There, at the center of the stage, shirt untucked, holding an oversized bottle of Champagne, was Pat Perez. Dustin Johnson, Talor Gooch and Patrick Reed — Perez’s three LIV teammates — loitered nearby but out of view.
With a DJ blaring house music behind him, Perez began to dance for the crowd assembled before him. It was strange to watch a middle-aged man exude such youthful enthusiasm — strange enough for a member of LIV’s social media team to grab a video of the moment. The party was only beginning.
For the fifth time this year (sixth if you include Perez’s initial signing bonus), LIV Golf was about to present the 46-year-old journeyman with a massive paycheck. But unlike some of the final rounds Perez had played this year, this time he had contributed to the effort.
“He better have felt some pressure,” Johnson, Perez’s team captain (and anchor), said with a chuckle post-round. “We had to count his score.”
It has been that sort of season for Perez, who has proudly served as the fourth wheel of LIV’s powerhouse team, the Four Aces, en route to victories in five of the upstart league’s first eight events.

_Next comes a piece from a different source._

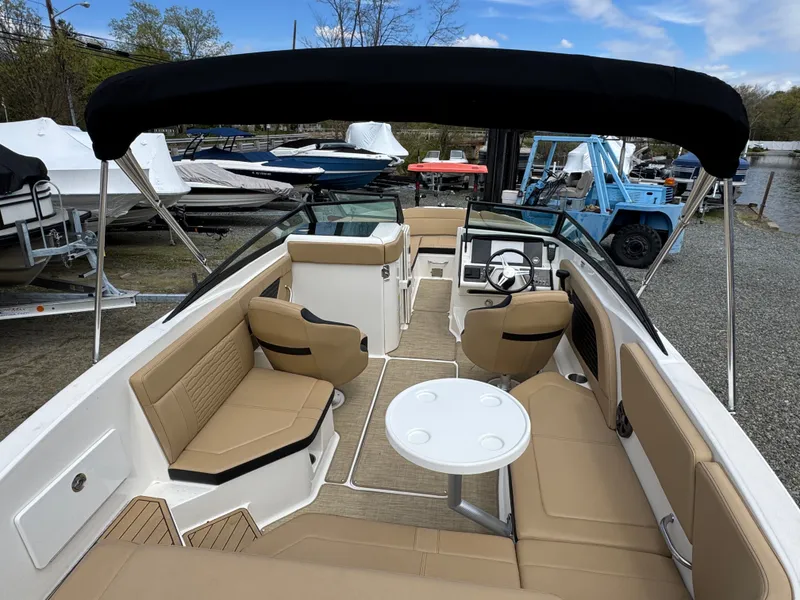 Slide: The Image of Interior of a 2021 Sea Ray 230SPX boat with beige seating. - 20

As a result, Perez won about $8 million in prize money in a season in which he finished no better than 16th in the 48-player, no-cut events — and in which his scores were only occasionally used as part of the league’s team competition.
To some, Perez’s performance was a clear repudiation of LIV’s team format, in which only the low two scorers count toward the team score for the first two rounds, while the low three scores count for the final round. How, the critics wonder, can a league with only 48 players suffer from a freeloader problem? Wasn’t this same dilemma a significant part of the reason why LIV appealed to top PGA Tour players in the first place?
Perhaps not surprisingly, Perez was unworried by the existential implications of his year.
“Yeah, all the push-back, all the negative comments, everything we’ve gotten, at this point I really don’t care,” he said. “I mean, I don’t care. I’m paid. I don’t give a damn.”
That much is inarguable. In addition to his $8 million on-course earnings, Perez collected a reported $10 million in additional signing bonus money. At $18ish million, Perez’s earnings from just one year of LIV are close to 60 percent of his career earnings on the PGA Tour, where he won three times.
But the bigger question remains, is Perez’s performance a reflection of LIV’s successes, or of its failures?
It’s clear that money isn’t the only benefit of LIV’s team-focused concept (“I feel like I’m really part of something that I’ve never been part of,” Perez said Sunday.) But it’s equally obvious that for those on the winning side of the ledger, the money sure doesn’t hurt, either, even if it means riding some coattails to get there.
“Dustin, $35 million season, how do you sum up this year?” a member of the press asked a short while after the trophy ceremony ended.
Before Johnson could respond, his teammate interrupted.
“That’s split four ways, by the way.”
Perez was, of course, joking. Johnson’s $35 million in earnings are fully his. But Perez might not have been kidding about his debt of gratitude owed to Johnson, the captain who changed Perez’s life (and bank account) by drafting him to the Four Aces.
“[His photo is] right over my side of the bed,” Perez said. “He’ll be right over me, so I can thank him every night again.”